[Material supplied Boundary: Start]

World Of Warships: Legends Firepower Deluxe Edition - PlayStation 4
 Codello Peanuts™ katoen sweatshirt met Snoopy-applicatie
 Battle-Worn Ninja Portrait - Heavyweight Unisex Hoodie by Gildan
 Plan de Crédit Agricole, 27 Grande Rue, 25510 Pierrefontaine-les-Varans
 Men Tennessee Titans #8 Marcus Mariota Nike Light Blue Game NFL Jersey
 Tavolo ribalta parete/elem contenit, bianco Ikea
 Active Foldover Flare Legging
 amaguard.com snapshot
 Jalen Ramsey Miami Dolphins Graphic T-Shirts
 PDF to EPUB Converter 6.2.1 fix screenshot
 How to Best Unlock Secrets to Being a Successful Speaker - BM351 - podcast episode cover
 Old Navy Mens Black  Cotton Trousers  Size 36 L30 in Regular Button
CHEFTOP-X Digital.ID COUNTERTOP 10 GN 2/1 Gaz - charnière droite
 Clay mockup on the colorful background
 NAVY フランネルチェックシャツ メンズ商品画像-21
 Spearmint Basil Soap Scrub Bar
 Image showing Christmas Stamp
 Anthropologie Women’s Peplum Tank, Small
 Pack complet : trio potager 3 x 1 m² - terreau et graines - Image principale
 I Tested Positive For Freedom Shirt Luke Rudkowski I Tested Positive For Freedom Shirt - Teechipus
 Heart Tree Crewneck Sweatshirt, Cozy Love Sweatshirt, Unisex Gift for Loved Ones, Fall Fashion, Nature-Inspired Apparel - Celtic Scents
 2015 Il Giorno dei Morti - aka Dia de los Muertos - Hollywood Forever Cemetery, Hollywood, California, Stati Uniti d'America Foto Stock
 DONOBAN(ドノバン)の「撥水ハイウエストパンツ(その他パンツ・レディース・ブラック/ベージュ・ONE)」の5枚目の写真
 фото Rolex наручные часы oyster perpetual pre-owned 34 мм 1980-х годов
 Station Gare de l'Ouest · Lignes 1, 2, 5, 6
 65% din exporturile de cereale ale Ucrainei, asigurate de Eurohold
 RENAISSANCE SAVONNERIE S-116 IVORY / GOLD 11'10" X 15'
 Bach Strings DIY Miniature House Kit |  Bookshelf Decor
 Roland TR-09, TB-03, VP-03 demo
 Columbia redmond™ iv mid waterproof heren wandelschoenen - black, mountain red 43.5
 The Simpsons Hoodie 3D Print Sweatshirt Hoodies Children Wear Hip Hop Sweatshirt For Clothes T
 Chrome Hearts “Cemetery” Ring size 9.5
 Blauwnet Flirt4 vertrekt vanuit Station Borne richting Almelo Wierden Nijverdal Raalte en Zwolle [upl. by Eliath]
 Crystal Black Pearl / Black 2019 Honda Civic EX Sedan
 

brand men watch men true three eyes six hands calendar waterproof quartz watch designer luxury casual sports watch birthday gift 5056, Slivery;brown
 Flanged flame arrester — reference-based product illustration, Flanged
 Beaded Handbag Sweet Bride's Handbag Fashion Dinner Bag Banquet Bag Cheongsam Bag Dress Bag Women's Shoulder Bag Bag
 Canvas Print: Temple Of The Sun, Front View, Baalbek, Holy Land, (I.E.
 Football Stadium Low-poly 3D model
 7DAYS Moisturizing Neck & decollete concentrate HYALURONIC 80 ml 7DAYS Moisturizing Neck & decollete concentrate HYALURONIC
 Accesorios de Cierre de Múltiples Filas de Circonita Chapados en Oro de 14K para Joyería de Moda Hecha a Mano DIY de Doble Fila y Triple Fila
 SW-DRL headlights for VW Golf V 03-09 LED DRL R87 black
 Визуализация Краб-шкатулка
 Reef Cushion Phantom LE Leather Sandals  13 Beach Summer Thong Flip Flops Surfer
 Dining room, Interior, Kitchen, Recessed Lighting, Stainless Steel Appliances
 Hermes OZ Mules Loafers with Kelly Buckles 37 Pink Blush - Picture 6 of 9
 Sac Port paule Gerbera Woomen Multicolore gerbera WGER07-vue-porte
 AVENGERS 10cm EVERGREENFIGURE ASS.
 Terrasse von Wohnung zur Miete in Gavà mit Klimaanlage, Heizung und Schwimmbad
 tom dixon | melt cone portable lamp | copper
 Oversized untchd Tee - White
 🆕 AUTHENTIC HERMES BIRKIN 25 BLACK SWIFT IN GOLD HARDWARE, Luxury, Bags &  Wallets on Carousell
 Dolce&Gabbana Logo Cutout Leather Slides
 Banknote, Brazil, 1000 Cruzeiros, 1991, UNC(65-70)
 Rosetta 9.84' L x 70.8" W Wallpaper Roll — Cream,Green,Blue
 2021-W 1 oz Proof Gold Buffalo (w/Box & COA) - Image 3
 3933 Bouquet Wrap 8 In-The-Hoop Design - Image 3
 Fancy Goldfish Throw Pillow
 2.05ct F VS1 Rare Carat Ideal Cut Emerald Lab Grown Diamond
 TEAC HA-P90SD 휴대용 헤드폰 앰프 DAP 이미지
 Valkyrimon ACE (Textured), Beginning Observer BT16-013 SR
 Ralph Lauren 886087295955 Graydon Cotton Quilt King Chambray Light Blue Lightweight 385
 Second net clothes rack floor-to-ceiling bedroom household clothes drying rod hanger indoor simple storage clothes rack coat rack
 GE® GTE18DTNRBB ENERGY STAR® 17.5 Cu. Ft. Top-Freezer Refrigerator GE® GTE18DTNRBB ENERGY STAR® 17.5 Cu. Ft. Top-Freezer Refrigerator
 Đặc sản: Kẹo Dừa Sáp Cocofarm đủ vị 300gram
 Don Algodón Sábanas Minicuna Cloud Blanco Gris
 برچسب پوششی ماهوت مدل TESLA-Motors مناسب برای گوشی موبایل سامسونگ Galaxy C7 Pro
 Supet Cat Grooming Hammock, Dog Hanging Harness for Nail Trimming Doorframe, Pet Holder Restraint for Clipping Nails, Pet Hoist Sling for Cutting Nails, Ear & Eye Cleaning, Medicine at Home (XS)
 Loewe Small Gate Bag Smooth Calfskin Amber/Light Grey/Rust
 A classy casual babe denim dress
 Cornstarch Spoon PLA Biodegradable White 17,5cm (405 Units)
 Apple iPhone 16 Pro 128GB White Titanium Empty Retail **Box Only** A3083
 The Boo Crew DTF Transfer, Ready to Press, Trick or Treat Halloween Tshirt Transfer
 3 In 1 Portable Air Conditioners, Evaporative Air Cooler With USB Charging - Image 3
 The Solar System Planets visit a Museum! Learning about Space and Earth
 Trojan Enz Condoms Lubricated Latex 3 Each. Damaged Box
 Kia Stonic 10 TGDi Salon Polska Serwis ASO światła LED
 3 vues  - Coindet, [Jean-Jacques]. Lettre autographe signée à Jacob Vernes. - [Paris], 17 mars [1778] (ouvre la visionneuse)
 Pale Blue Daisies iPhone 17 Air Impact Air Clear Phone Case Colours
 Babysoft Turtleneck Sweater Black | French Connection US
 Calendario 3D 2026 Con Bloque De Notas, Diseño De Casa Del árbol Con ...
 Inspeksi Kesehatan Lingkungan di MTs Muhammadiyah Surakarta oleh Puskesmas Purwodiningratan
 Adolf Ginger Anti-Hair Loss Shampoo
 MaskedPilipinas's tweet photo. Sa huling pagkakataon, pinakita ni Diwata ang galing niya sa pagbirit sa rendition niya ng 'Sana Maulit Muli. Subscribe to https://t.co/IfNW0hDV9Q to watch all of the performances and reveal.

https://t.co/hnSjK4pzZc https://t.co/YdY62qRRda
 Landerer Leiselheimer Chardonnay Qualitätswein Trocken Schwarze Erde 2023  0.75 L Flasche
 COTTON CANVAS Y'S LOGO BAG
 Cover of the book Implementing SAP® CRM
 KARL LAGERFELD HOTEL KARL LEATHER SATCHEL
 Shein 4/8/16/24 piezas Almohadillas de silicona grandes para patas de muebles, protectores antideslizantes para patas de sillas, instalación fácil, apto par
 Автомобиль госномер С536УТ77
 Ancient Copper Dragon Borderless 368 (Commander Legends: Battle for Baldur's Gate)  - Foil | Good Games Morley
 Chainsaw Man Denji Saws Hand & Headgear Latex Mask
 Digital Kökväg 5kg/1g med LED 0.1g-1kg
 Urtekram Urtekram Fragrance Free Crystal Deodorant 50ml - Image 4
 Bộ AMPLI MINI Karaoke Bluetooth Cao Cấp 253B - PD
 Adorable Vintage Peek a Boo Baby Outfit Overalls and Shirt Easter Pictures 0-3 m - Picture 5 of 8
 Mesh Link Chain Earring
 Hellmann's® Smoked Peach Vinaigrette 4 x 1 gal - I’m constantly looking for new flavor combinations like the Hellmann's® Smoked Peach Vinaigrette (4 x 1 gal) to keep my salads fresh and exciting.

[Material supplied Boundary: End]

§ **What you are asked to do**:
Each line from the one with "Adorable Vintage Peek" through the last line of the records above must be retyped exactly, and no other line may be given.

§ **Answer to this exercise**:
 Adorable Vintage Peek a Boo Baby Outfit Overalls and Shirt Easter Pictures 0-3 m - Picture 5 of 8
 Mesh Link Chain Earring
 Hellmann's® Smoked Peach Vinaigrette 4 x 1 gal - I’m constantly looking for new flavor combinations like the Hellmann's® Smoked Peach Vinaigrette (4 x 1 gal) to keep my salads fresh and exciting.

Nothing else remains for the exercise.